Cristiano Ronaldo and Lionel Messi never played together internationally.
Gareth Bale and Aaron Ramsey have never played together at club level.
Gareth Bale and Aaron Ramsey played in the same league for 6 seasons.
* Championship in 2006–07 for Southampton and Cardiff City respectively.
* Premier League in 2008–09 for Tottenham Hotspur and Arsenal respectively.
* Premier League in 2009–10 for Tottenham Hotspur and Arsenal respectively.
* Premier League in 2010–11 for Tottenham Hotspur and Arsenal respectively.
* Premier League in 2011–12 for Tottenham Hotspur and Arsenal respectively.
* Premier League in 2012–13 for Tottenham Hotspur and Arsenal respectively.

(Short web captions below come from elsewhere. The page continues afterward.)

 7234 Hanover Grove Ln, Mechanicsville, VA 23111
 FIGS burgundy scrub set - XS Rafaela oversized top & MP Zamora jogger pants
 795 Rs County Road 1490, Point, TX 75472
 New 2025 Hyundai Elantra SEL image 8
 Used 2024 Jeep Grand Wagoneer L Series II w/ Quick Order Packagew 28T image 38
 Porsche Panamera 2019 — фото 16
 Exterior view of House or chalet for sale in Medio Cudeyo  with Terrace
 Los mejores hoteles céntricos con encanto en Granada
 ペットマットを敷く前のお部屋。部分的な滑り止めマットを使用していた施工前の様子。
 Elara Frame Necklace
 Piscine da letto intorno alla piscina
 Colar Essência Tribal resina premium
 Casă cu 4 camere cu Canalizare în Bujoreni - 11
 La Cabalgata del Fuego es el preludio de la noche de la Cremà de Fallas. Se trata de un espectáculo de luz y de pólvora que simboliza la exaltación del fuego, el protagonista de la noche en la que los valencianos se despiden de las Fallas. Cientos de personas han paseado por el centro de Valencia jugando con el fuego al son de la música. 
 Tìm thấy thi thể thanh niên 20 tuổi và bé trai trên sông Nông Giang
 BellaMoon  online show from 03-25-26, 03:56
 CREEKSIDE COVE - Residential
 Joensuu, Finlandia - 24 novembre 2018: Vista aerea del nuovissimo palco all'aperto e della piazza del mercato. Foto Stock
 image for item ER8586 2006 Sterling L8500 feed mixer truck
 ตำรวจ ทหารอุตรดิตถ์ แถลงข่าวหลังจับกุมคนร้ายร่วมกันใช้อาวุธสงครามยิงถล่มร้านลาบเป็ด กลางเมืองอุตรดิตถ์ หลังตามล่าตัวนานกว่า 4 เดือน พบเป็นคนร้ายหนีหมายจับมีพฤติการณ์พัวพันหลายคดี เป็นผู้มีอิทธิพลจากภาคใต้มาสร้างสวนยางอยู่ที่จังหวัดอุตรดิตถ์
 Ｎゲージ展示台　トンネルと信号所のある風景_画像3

Gareth Bale and Aaron Ramsey were called up for
* Wales in 2008.
* Wales in 2009.
* Wales in 2010.
* Wales in 2011.
* Wales in 2012.
* Wales in 2013.
* Wales in 2014.
* Wales in 2015.
* Wales in 2016.
* Wales in 2017.
* Wales in 2018.
* Wales in 2019.
* Wales in 2020.
* Wales in 2021.
* Wales in 2022.
Bale and Modric played together at club level in
* 2008–09 for Tottenham Hotspur.
* 2009–10 for Tottenham Hotspur.
* 2010–11 for Tottenham Hotspur.
* 2011–12 for Tottenham Hotspur.
* 2013–14 for Real Madrid.
* 2014–15 for Real Madrid.
* 2015–16 for Real Madrid.
* 2016–17 for Real Madrid.
* 2017–18 for Real Madrid.
* 2018–19 for Real Madrid.
* 2019–20 for Real Madrid.
* 2021–22 for Real Madrid.
Excluding when they've played together, Bale and Modric have never played in the same league at the same time.
Bale and Modric never played together internationally.